EXERCISE OBJECTIVE: Of the records that follow, copy only the lines from the line containing "Foreign-Trade Zone (#80-10)" to the line containing "Avoidance/deferral of import duties", both included, exactly as written.

GIVEN RECORDS:
- - - - -
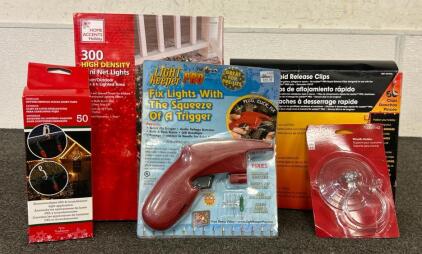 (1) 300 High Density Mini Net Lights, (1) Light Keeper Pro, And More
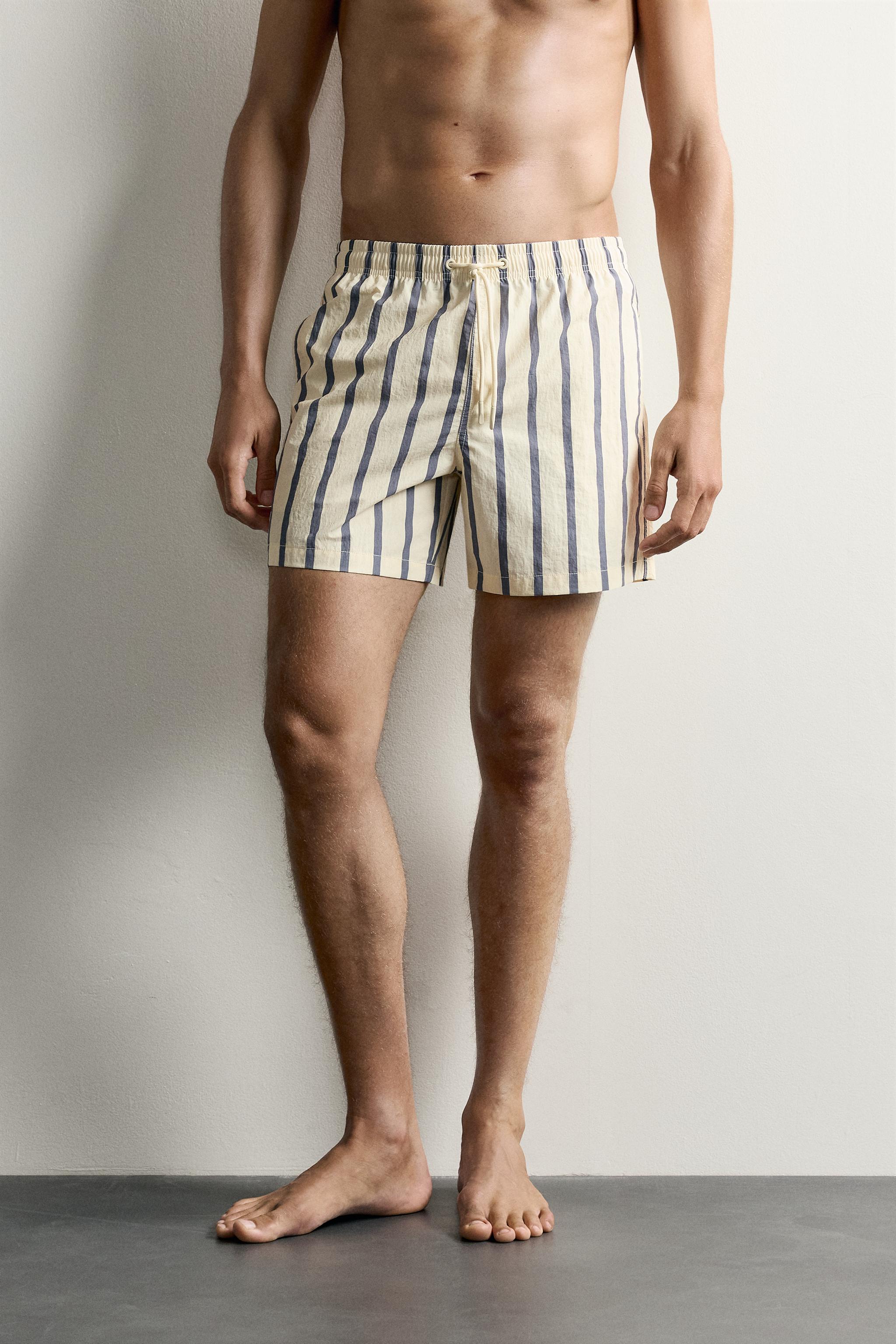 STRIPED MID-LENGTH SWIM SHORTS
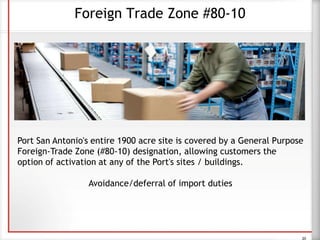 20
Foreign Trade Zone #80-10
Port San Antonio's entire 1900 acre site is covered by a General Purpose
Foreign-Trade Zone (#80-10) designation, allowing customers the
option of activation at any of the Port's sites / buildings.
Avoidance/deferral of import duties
- - - - -
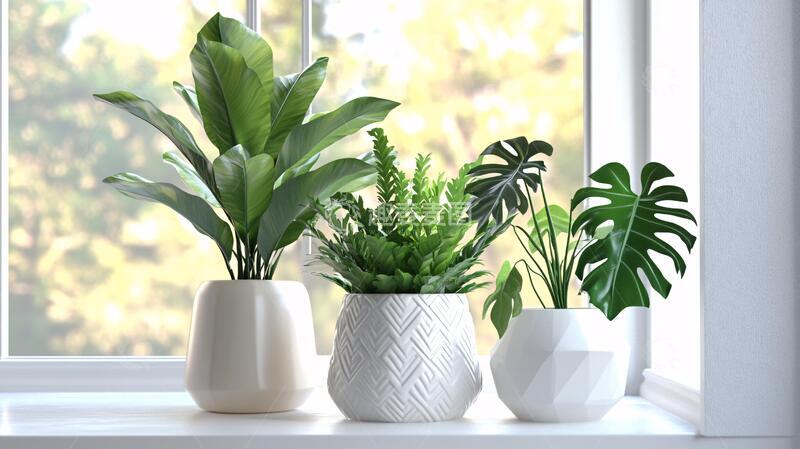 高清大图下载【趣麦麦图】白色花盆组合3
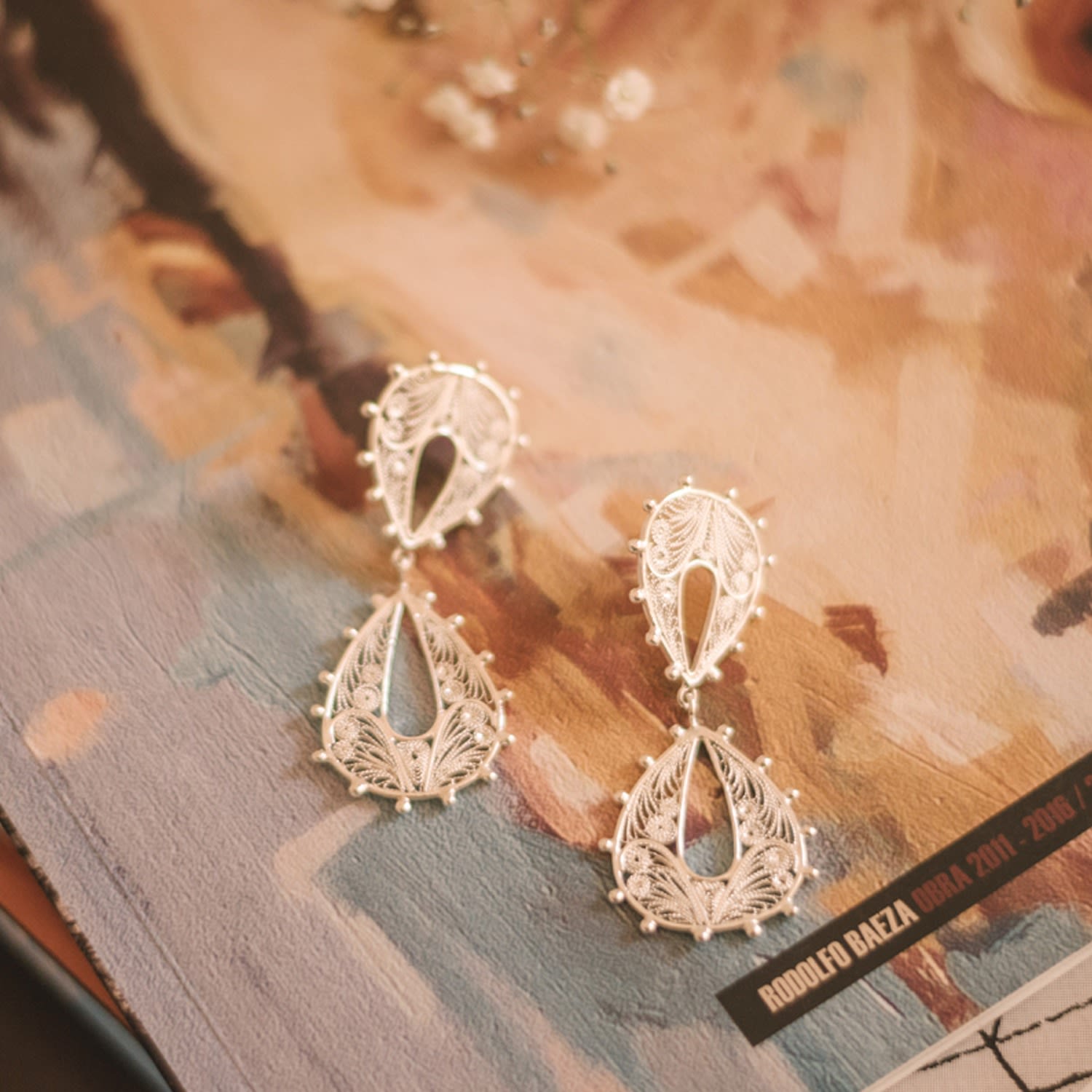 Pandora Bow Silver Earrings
- - - - -
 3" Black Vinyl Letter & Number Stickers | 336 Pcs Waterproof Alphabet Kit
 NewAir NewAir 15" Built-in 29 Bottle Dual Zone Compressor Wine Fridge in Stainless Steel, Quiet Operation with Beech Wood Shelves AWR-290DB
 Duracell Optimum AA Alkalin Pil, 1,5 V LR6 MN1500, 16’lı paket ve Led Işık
- - - - -
ANSWER AREA:
Foreign-Trade Zone (#80-10) designation, allowing customers the
option of activation at any of the Port's sites / buildings.
Avoidance/deferral of import duties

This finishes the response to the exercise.